Our dream goal is to know enough about our customers to be able to recommend a list of ideal homes for them. Through a combination of our own analysis and private information that customers are willing to temporarily share with us, we can generate a list of potential homes or, if you're selling, optimize the price and conditions under which you should sell. The real estate market is highly regulated, so the process of buying or selling a home tends to be more complex and costly than most consumers would like. This regulatory burden is one of the reasons why Residential Brokers have become something of a priestly class of persons who intermediate between buyers and sellers. Consumers want lower transaction costs, and the Internet has had an incredibly democratizing effect on real estate data. In response to these trends, the real estate industry is compelled to move toward providing less expensive, more streamlined, and more transparent processes.
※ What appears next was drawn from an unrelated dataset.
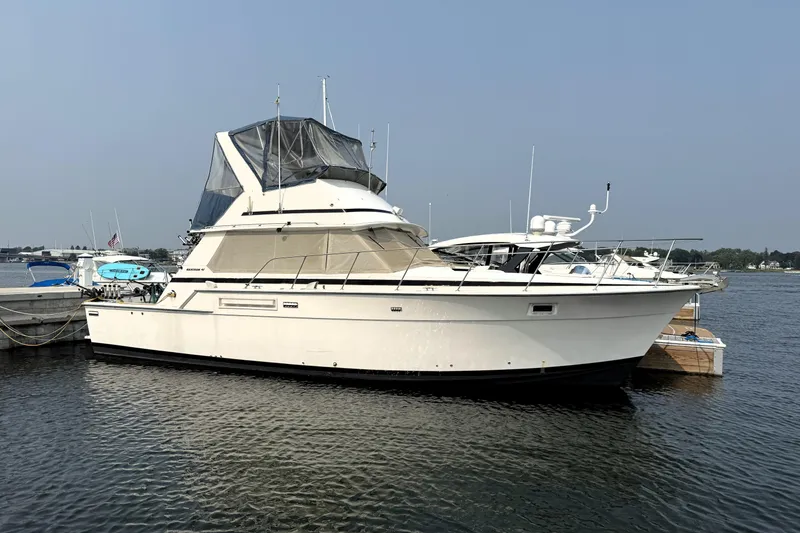 The Image of 1978 Bertram 42 Convertible yacht docked at marina, side view. - 0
Recall when you shopped for your first home, you likely had a list of criteria— how much you could afford, the distance from your work, neighborhood amenities, etc. Historically, Residential Brokers were the intermediaries that helped you identify these criteria and make your purchase decision. Now, empirical data is available that can help you make an even better, more informed decision. It's kind of like TurboTax, which is software that enabled some people to replace their accountant and do their own taxes. Today in residential real estate, consumers now have that option: you can pay a professional realtor to do all the work for you, or you can use productivity software and do it yourself. Companies like ours are creating more choice for consumers in the residential marketplace.
In the future, I imagine a world where a customer could approach a house viewing with cell phone, wave it over lockbox to be identified and admitted, and then hear an annotated home tour through an app on their phone. Even now, there is a trend towards video showings, thanks to new panoramic camera apps that allow for personal narration on the part of the seller. The audio and video can stream to your phone as you walk through the house, and your location kicks off a new commentary about the features of that room.
One trend that was a big surprise to me personally was just how much information you can learn from an individual's digital breadcrumbs. We all leave these digital breadcrumbs around us, and most people don’t fully grasp the threat to their privacy because of it. Even as someone in the data business, I was shocked to see how much you can learn about someone legally, without that person even being aware of what they are giving up about their own privacy. It’s become very easy to find out quite a lot from the data we leave behind in our everyday transactions.
I’ve been fortunate not to encounter any bad actors yet, but I would like to raise people’s awareness about privacy concerns. Both data scientists and consumers are more concerned about getting whatever information or service they are after at any cost, and may not be fully aware of the privacy issues. The more we can do to protect and safeguard our privacy, the healthier we will be as an enduring liberal democratic society. Don’t take your privacy for granted!